The problem with the new normal is that it is new every day. We have no way of adjusting to what is about to happen to the industry because we are always informed with less than a week’s notice, and in many cases, bar staff do not have any say in the way things will be handled. The person serving your drinks and your food is the person on the front lines of this crisis. As mentioned in previous columns we, as service industry professionals, are used to trying to keep you safe and make sure that you have the best time possible. Customers need to follow these mandates and realize their role in allowing us to remain open. 

On Monday, bartenders and servers were getting used to the new mandates that had been put in place. This round is the strictest that we have experienced. With customers not able to order from a bar top this will slow down service. Customers are going to need to have a new level of patience as in some locations the bartender will be doing the job of server in addition to needing to sanitize, take temperatures, and maintain a visitor’s log. This is all before they even make a drink. 

The capacity rules won’t hurt most locations. The bar industry has been slowing down over the past decade and most locations would be happy to see 50% capacity even a couple of nights a week. One downtown bar owner said he could survive just fine at 25% capacity if it was happening every evening. For small locations this is going to prove to be more challenging. For other locations they will need to rearrange their layout since most seating was at the bar and now table service is required. 

Not every restaurant that was able to do outdoor dining will continue with this service but for others it is going to be necessary to be able to provide enough space for the customers that are coming back. There is confusion for many who work in bars why restaurants were able to provide this in the first place, but bars were not able to open up their patios or add tents to their parking lots for extended service. If the idea was merely to keep groups separated from each other and have better air flow, there are some businesses that only serve alcohol that could have maintained those standards over the past 30 days and maybe fared a little better. None of us claim to have all of the answers, but when a mandate feels like a direct attack on one section of an industry, it raises even more questions. 

People will be questioning the decision to not allow live music, and why people are not allowed to dance outside, as much as some have questioned the usefulness of masks and other things. At the end of the day we all have to follow the rules. It’s as simple as that. If the numbers start to rise, and if people refuse to follow the rules, we will be shut down again. 

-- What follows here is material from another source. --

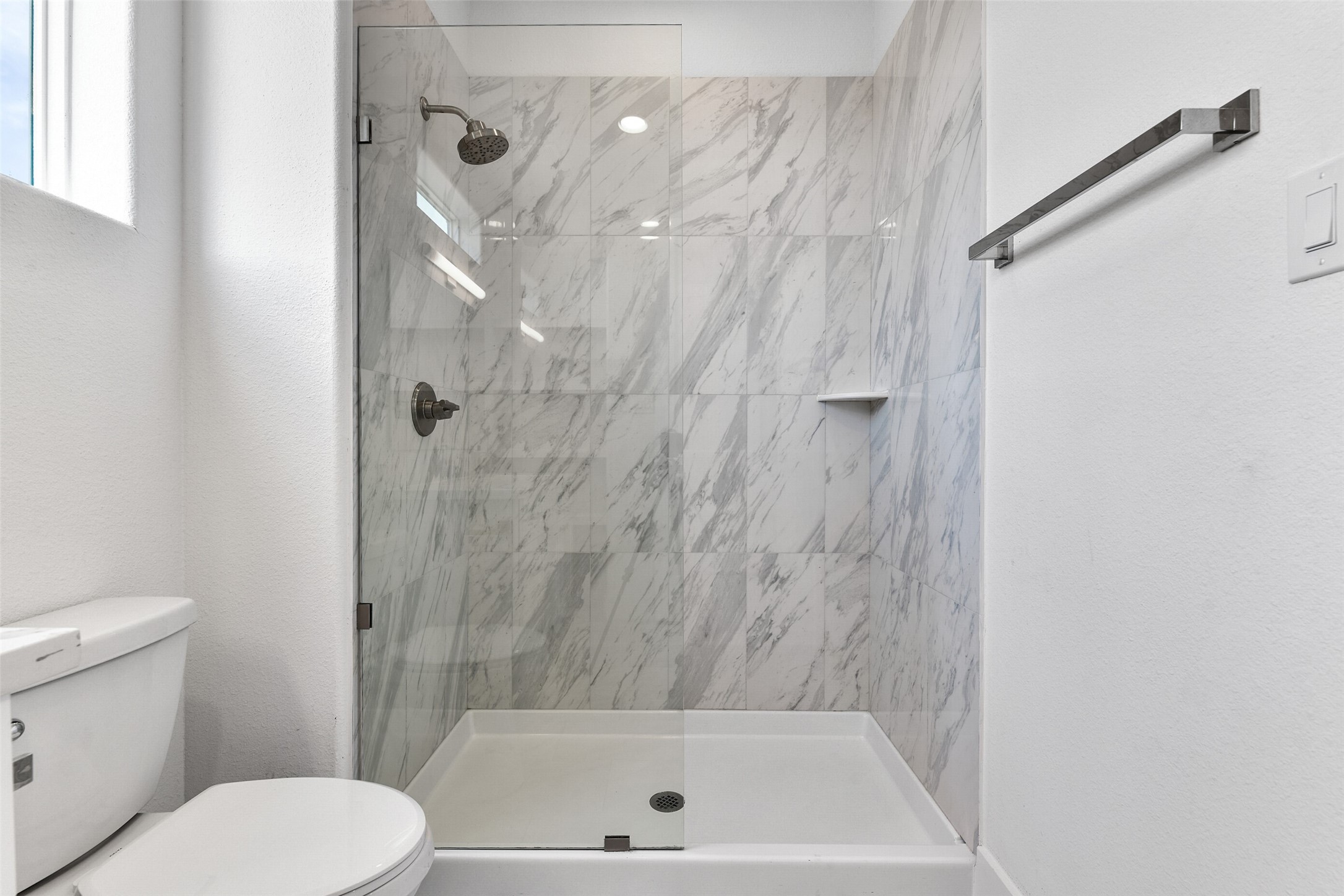 The tile work is beautiful in the walk-in shower.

As employees if we refuse, we put our employer’s business at risk. If customers refuse to follow the rules, we are going to have to make the choice not to serve them. There are questions, and anxiety, and feelings about all of the things that we have to do. We need everyone to cooperate and work together in order to stay open. There are other states with far stricter rules, and places in Alaska that are not regulating as strictly as this city is. We must mask up, sit down, and try to follow the rules so that we can have some fun.